**Record excerpts**
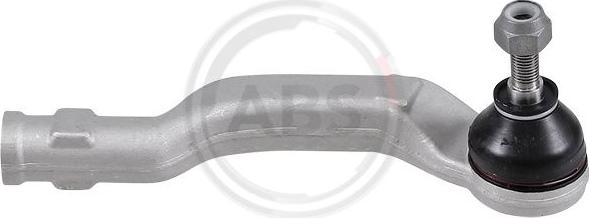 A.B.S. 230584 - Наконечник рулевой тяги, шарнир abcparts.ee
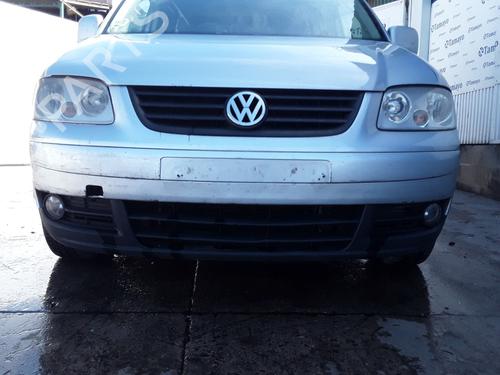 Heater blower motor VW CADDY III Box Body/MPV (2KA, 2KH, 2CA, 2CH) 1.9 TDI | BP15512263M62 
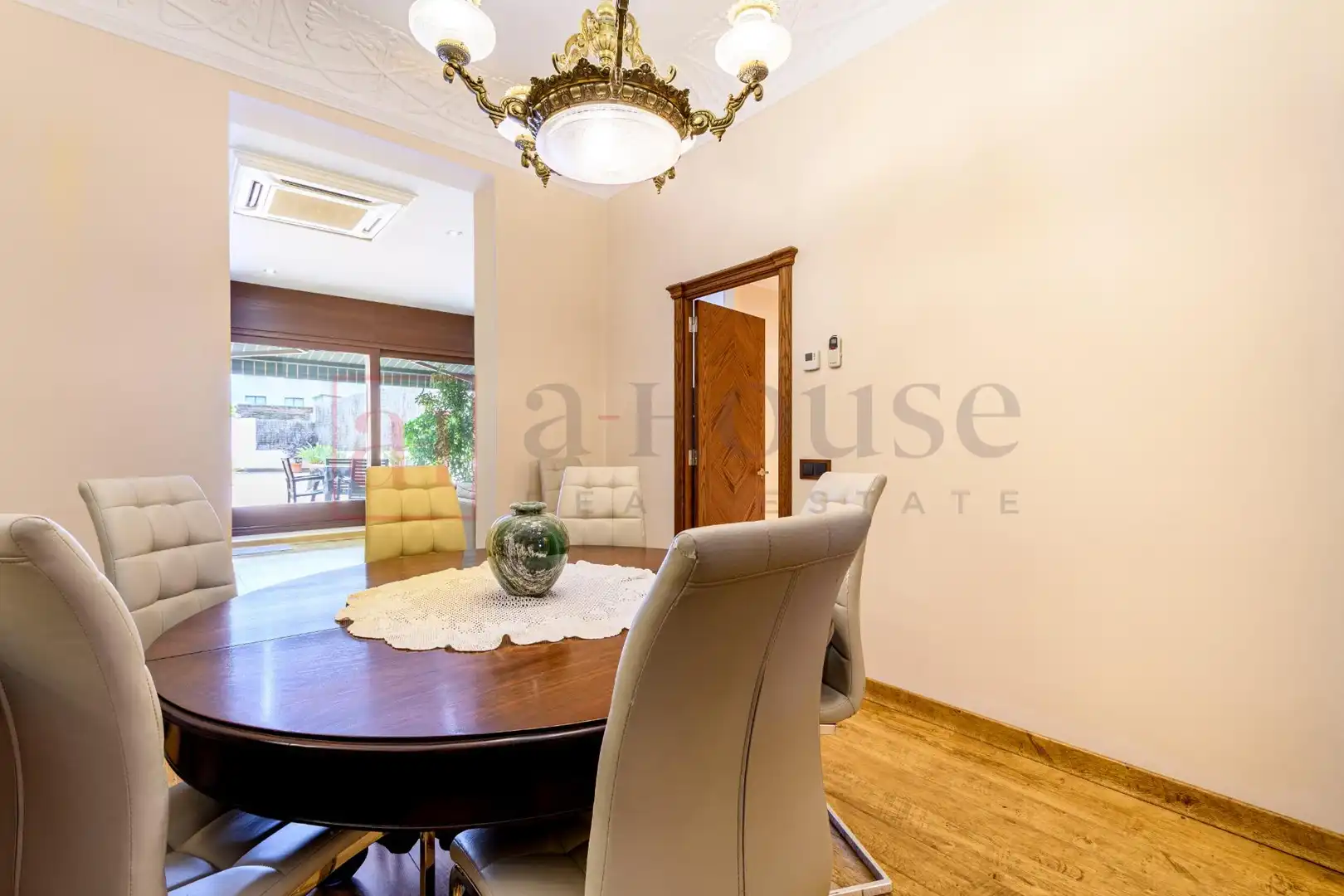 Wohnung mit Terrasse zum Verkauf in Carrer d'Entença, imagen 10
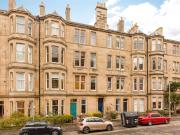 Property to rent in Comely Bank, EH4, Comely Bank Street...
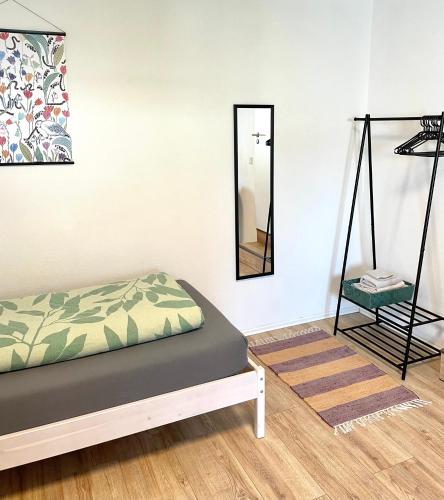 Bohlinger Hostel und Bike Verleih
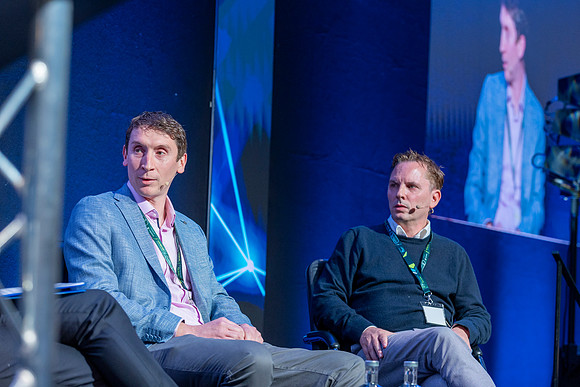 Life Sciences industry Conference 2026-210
...
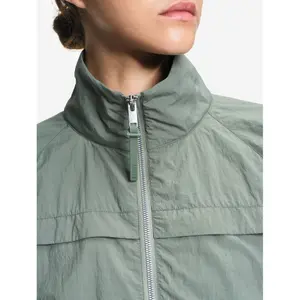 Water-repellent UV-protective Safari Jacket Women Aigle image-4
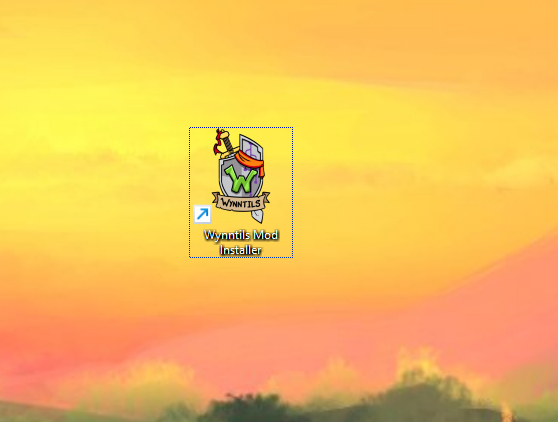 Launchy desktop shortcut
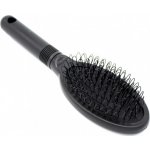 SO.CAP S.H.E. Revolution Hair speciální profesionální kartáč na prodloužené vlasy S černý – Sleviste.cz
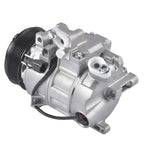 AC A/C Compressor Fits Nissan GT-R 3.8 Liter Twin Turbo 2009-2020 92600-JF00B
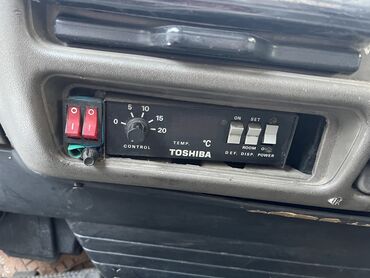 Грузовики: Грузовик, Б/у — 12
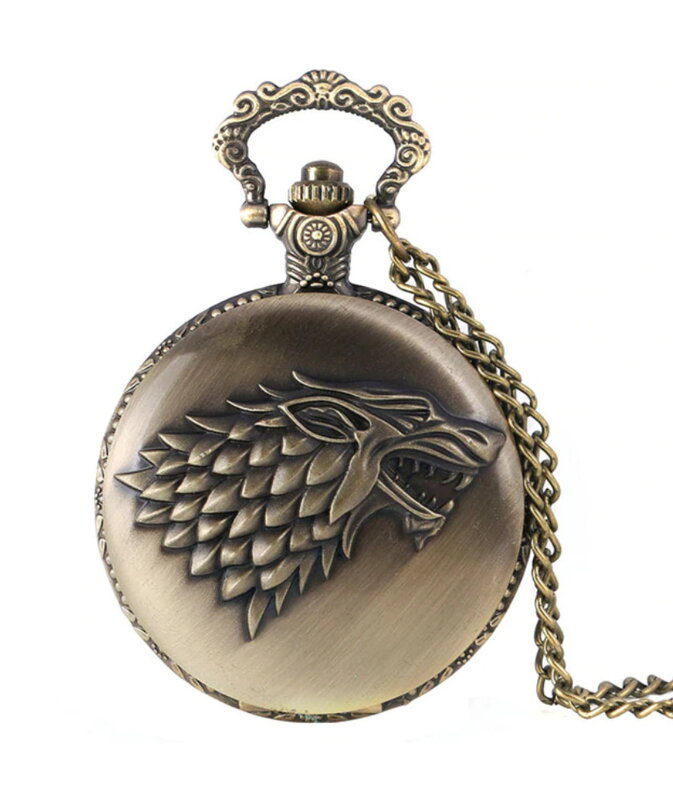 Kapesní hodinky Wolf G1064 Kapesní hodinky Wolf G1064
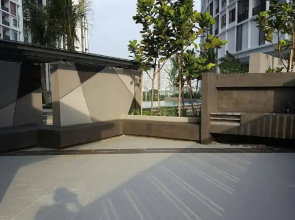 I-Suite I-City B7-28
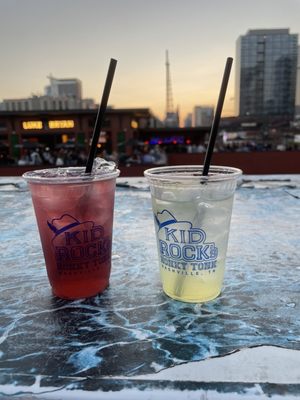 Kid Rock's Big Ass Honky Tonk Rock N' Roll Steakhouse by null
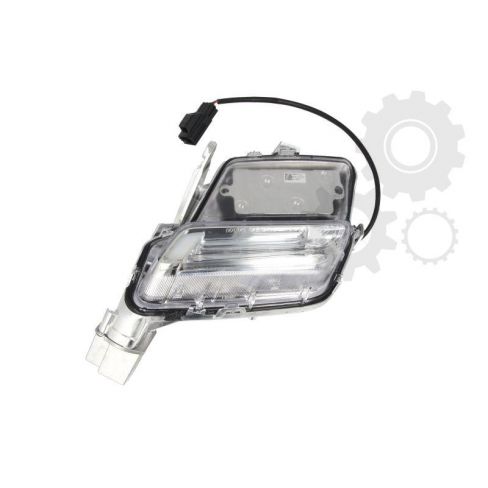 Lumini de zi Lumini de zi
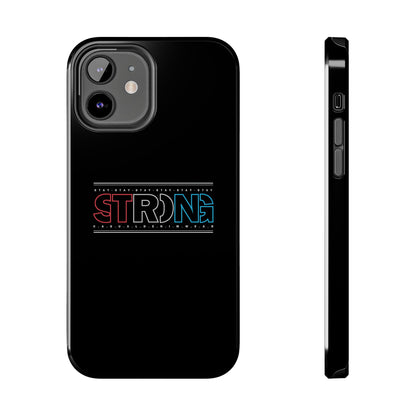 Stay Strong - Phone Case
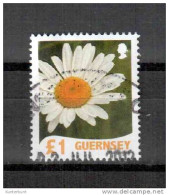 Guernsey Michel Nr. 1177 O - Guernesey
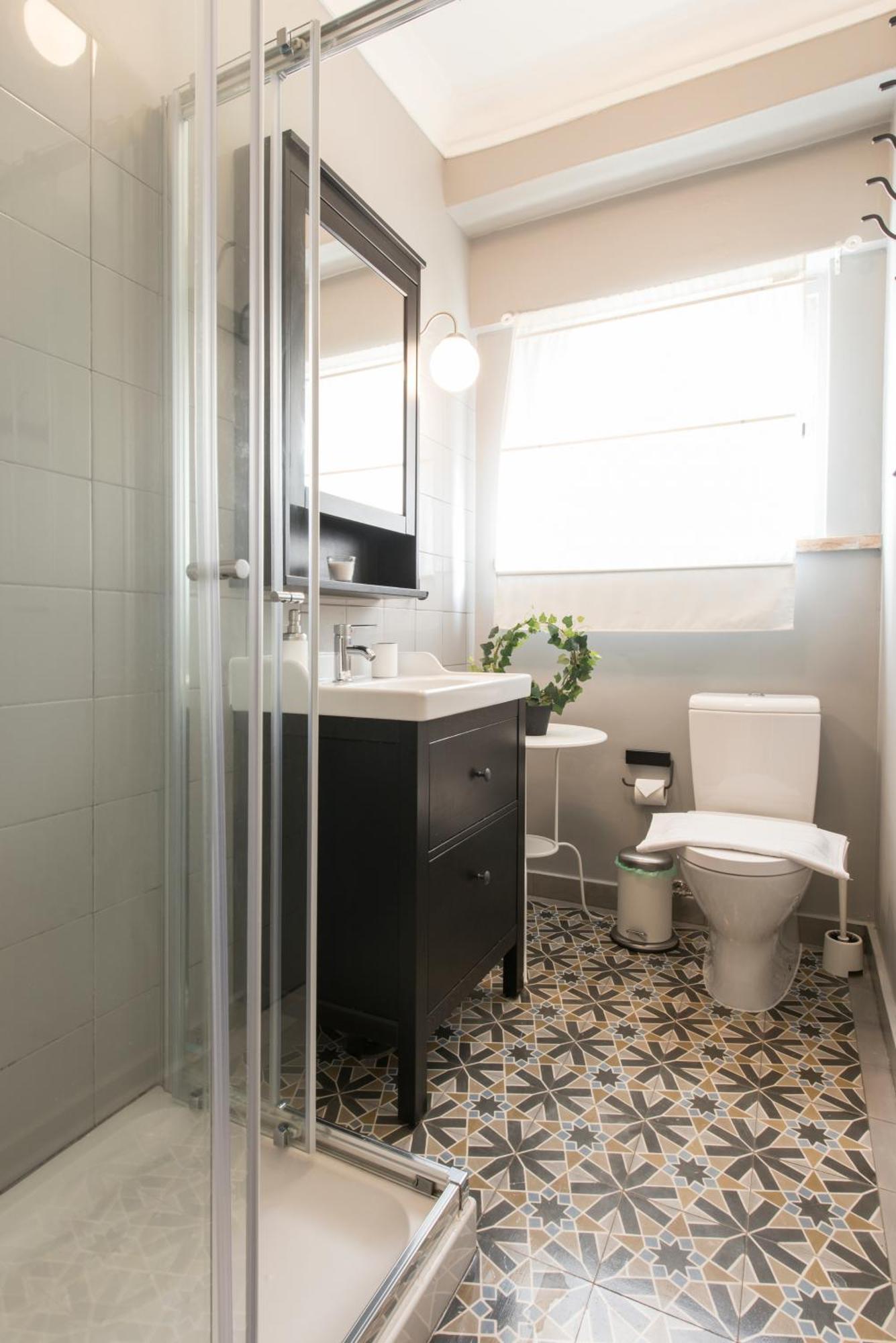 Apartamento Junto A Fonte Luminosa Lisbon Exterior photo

**What to work on**
Output only the lines above from the one containing "Kapesní hodinky Wolf G1064 Kapesní" to the one containing "Apartamento Junto A", both included, exactly as written and with no pictures.

**Exercise answer**
 Kapesní hodinky Wolf G1064 Kapesní hodinky Wolf G1064
 I-Suite I-City B7-28
 Kid Rock's Big Ass Honky Tonk Rock N' Roll Steakhouse by null
 Lumini de zi Lumini de zi
 Stay Strong - Phone Case
 Guernsey Michel Nr. 1177 O - Guernesey
 Apartamento Junto A Fonte Luminosa Lisbon Exterior photo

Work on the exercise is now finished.